O coletivo, pôde se reunir para dialogar para saber das pretensões/disponibilidades de seus membros para ocupar a vaga dada a juventude na Executiva. Após algumas desavenças, hoje superadas, assumi a representatividade do coletivo na Executiva Municipal, que foi marcado por buscar um diálogo maior com os movimentos sociais: UMEAR, Pastoral da Juventude; onde tivemos papel estratégico dentro da organizadora do I Fórum Municipal da Juventude de Angra dos Reis e da Comissão de Juventude da Câmara de Vereadores.

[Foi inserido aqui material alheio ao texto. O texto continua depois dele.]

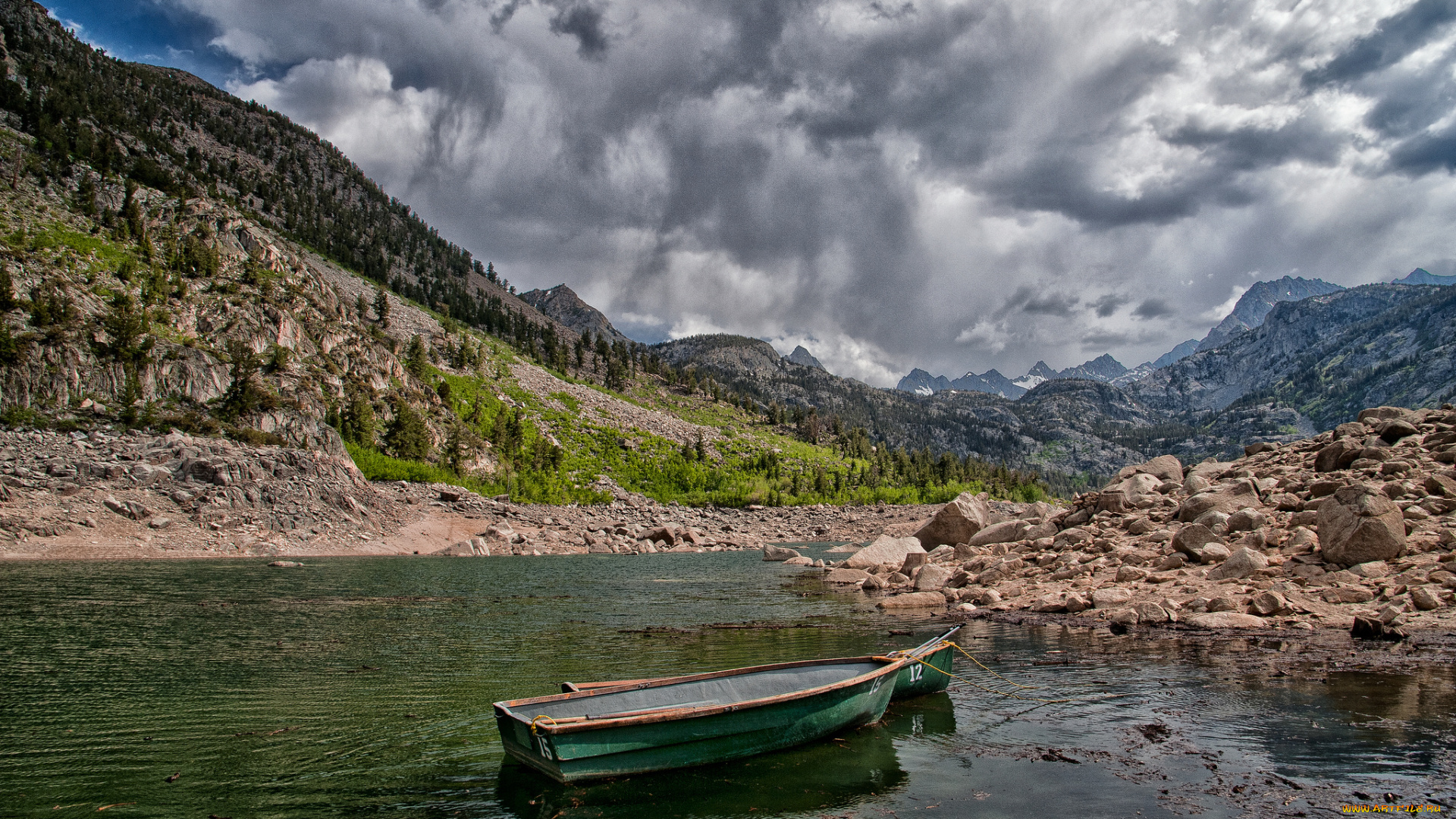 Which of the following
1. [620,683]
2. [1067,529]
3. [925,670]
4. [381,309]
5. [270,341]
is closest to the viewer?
[620,683]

Ainda obtivemos papel importante na Fundação do Coletivo Enegrecer, que é o espaço de elaboração e construção programática da pauta racial da Juventude Negra da Democracia Socialista para ajudar a construir esse debate dentro e fora do PT.
Vejo que o salto mais qualitativo dessa gestão à frente da JPT foi o grande envolvimento que a temática da Juventude obteve durante o PED 2009, em que através do diálogo, a Juventude manifestou o desejo e sua importância nas questões pertinentes do PT e sua construção programática; que foi reconhecido por todos aqueles que ajudaram na construção de propostas da Chapa “Partido Unido, Partido Forte”.

Seguir em Frente

Mais do que isso, a JPT vive momento único, com capacidade, condições materiais, ferramentas de comunicação, conteúdo e disposição militante para alcançar vôos mais altos que os do seu passado recente. Reconhecer o PT e sua luta, além de identificá-lo como um PARTIDO SOCIALISTA, torna o coletivo (e seus membros) capaz de criar uma nova geração de militantes identificados com a proposta e os princípios do PT, possibilitando criação de novos quadros que irão ajudar e muito na nossa tarefa de construir uma sociedade mais justa, fraterna, igualitária, livre de preconceitos, que combata a opressão e que o bem estar do homem e da natureza esteja à cima do valor exposto pelo capital.
O futuro do PT depende de nós!!! JOVENS PETISTAS!!!
Os primeiros passos já foram dados... Avante Companheirada nessa Luta!!!
Saudações Socialistas!!!



*Hugo Vilela é Secretário Municipal de Formação Política e Organização do PT Angra.